Keyboard Instruments

Broadly speaking, keyboard instruments are musical instruments you play with a keyboard. The most popular examples are pianos, organs, and electronic keyboards, such as synthesizers and digital pianos. They also include celestas and carillons, for instance.

The term keyboard is often describes keyboard-style synthesizers. And the player can use the keyboard itself to control several components. These include expression, shading, phrasing, dynamics, and articulation. Keeping this in mind, we will detail some of the most popular keyboard instruments in the following paragraphs.

Some Keyboard Instruments

The Organ

Keyboards are present throughout all the history of music. The organ is the oldest and most interesting one overall. It has three essential pieces: (several) pipes, an artificial wind supply, and a key mechanism. The key mechanism can open and close the individual pipes. The first known keyboard instrument was the Ancient Greek hydraulis. This was a type of pipe organ that musicians played with a light touch—and the only keyboard instrument until the fourteenth century. Most organs had buttons or large levers, which the person in charge operated with their whole hand, although not a keyboard per se.

The Piano

Both the clavichord and the harpsichord appeared during the fourteenth century. They were quite common until the piano became popular. In the eighteenth century, the piano came to fame because the player could vary the volume and the dynamics of each sound. Modern pianos are significantly different from these first known ones.

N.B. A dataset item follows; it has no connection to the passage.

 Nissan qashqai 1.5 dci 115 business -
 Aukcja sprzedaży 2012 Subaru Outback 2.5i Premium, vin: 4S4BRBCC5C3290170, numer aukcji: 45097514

Keyboard instruments developed over the course of the early twentieth century and electromechanical instruments appeared. This progress was a great contribution to the history of keyboards. Although the timbre is not the same, the electric piano and the electronic piano are instruments that sound similar to a traditional one. Plus, it lacks its weight and size (which is a bonus!). Modern electronic keyboards try to mimic the sounds of traditional pianos by using digital samples and computer models. Acoustic keyboards can have between sixty-one and eighty-eight keys.